One - Aside from ensuring the floor is strong enough to support the weight of the tank, out of sunlight, and easy access to power and potentially plumbing - do you have any specific guidance you would have for a home design-builder to make an aquarium set-up more effective?

Two - When I meet with the fish stores, where would you focus your questions? For instance, is there much interest in having a cichlid aquarium that could be hard-plumbed (for either top-off or drainage)? Positioning of electrical outlets? Space within the cabinetry to exhaust heat?

My first time on this forum - so thanks all for your support.

David


----------



## Drake1588 (Jul 19, 2017)

Access to a water supply is handy as well. Pythons are good and all, but a 25 or 50 foot hose stretched through the house is a nuisance, plus emptying and rerolling the hose. So a drain installed nearby and access to a cold water source might come in really handy if it can be done without a huge amount of cost/dislocation.

I think you have the right mindset and questions to ask - all of it should be a focus. If they are hassled by you being thorough, they're the wrong people to install a tank into your home, period.


----------



## dcheney888 (Jul 30, 2017)

Thanks Drake.

The positioning of the aquarium will be against a wall where, on the other side, is a sink. I can python it there with about 10-15' of run. There is a wide range of advice on how often the water needs to be changed in a Mbuna tank, I guess partly driven by how overstocked the tank is to mitigate aggression. If I do well with the hardscape, there should be enough natural hideouts that I wouldn't be overstocking. All that said, it would be a fairly low cost option to run a faucet line through the wall to an appropriate area tankside, and hopefully the drain would be the same.

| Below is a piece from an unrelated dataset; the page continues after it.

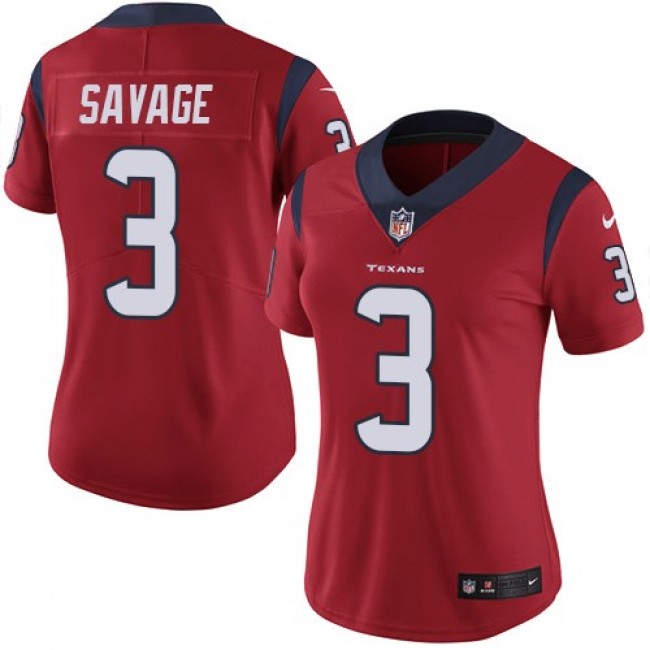 Women's Texans #3 Tom Savage Red Alternate Stitched NFL Vapor Untouchable Limited Jersey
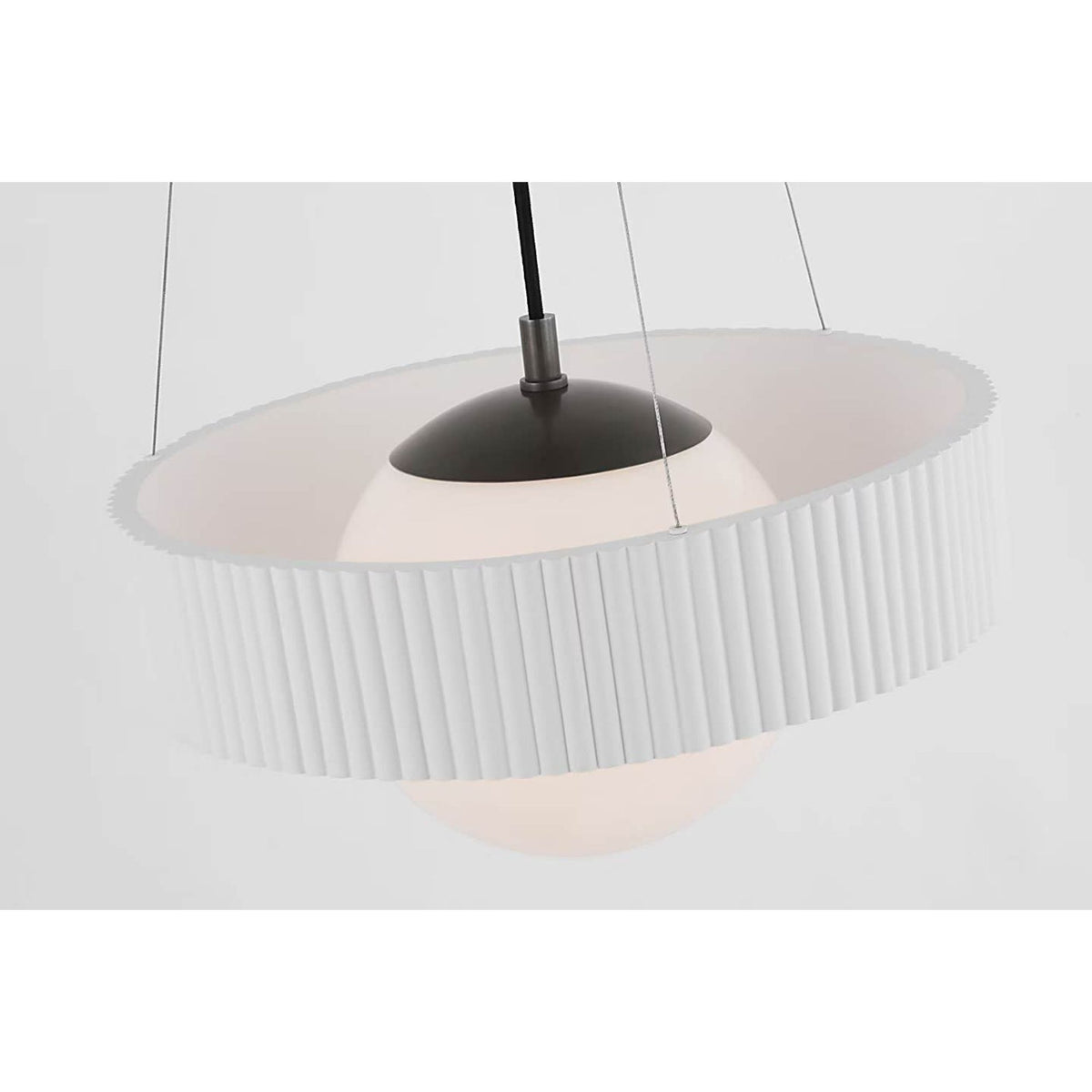 Windsor Smith Arena 18" Ring and Globe Chandelier in Bronze and Matte White with White Glass W18"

One other quick question. I assume a single ~100 gallon tank is fine for Mbuna? I hope to have a robust enough hardscape that the ecosystem functions naturally (the cichlids will breed, there is space for the fry to hide, survivors make it and the balance don't). If that is the case, I don't see the value in having a separate tank for breeding.


----------



## caldwelldaniel26 (Jun 11, 2017)

Let nature take its course, if you're going to have mixed mbuna get a crew of synodontis lucipinnis, 5 or 6, to pick off the fry. You won't want them to survive if they're hybrids because a lot of time mbuna hybrids can be hyper aggressive and/or ugly as heck lol.


----------



## dcheney888 (Jul 30, 2017)

Thanks Daniel. I do plan to let nature takes its course. That said, I had thought if you had picked distinct enough mbuna species they wouldn't interbreed as long as I kept high female to male ratios. I clearly don't need hyper aggressive fish in the tank - had some challenges with my last marine tank.


----------



## Drake1588 (Jul 19, 2017)

That should be about an optimal tank size. I've found the key to allowing just a fry or two from some batches to make it to size is to provide some very small hidden crevices or pockets between rocks where the fry can grow if they get lucky enough to find it. A pile of 1-2" rock chips can work as well. I had small pile of marble chunks on the sand substrate and when I was doing a deep clean, found three -1/2" demasoni fry hiding out in it. Tiny crevices between the rock and sand can work too, assuming the larger fish can't dig them out. That's of course if you want them to gradually increase their numbers.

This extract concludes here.